*** SUPPLIED RECORDS

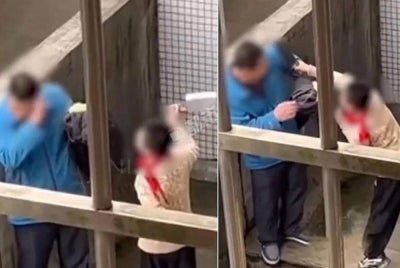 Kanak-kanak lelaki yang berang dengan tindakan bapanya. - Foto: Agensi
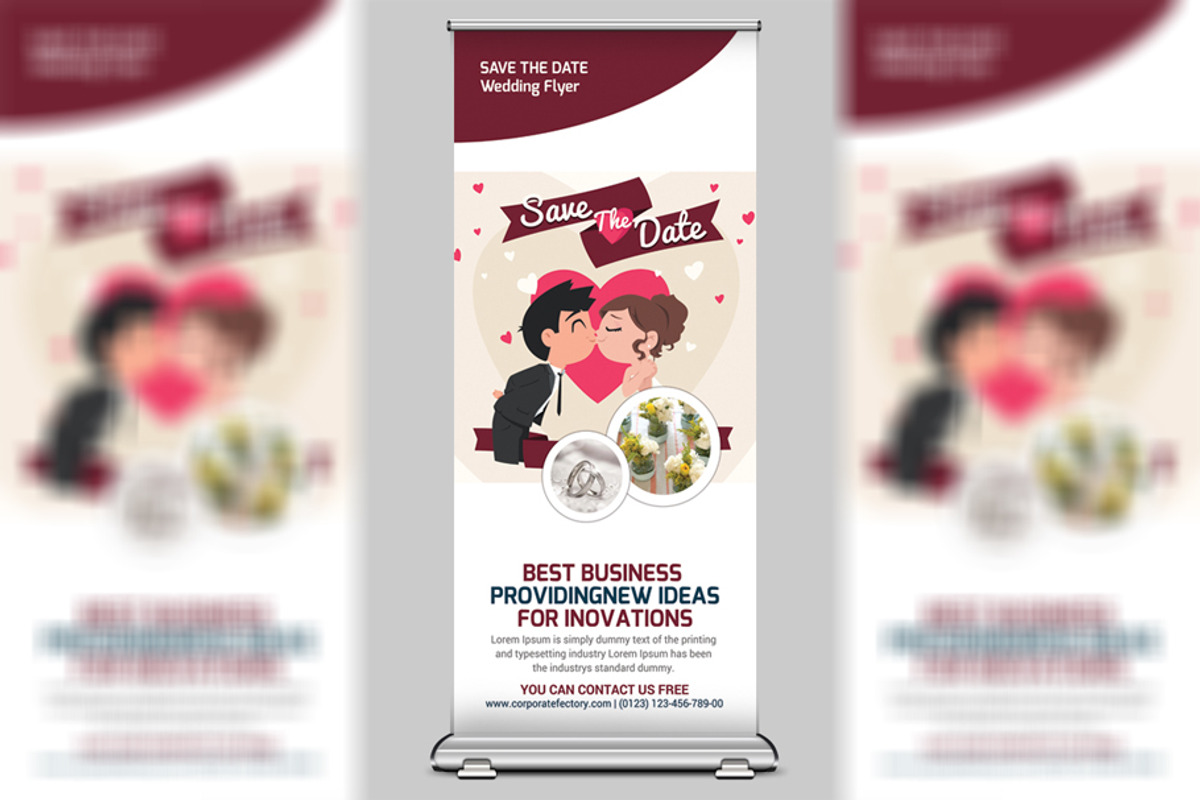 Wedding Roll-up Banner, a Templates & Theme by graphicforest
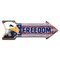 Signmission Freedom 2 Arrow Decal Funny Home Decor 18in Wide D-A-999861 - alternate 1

******
*** SUPPLIED RECORDS

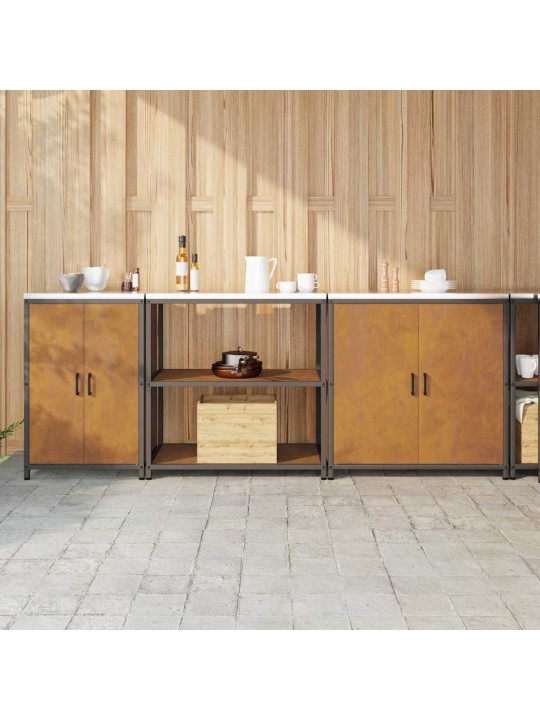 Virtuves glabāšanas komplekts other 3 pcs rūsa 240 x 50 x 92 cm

******

PROMPT
Quote the data above exactly from the line with "Wedding Roll-up Banner, a" to the line with "Signmission Freedom 2", both ends counted, and nothing else. Pictures don't go in.

OUTPUT
 Wedding Roll-up Banner, a Templates & Theme by graphicforest
 Signmission Freedom 2 Arrow Decal Funny Home Decor 18in Wide D-A-999861 - alternate 1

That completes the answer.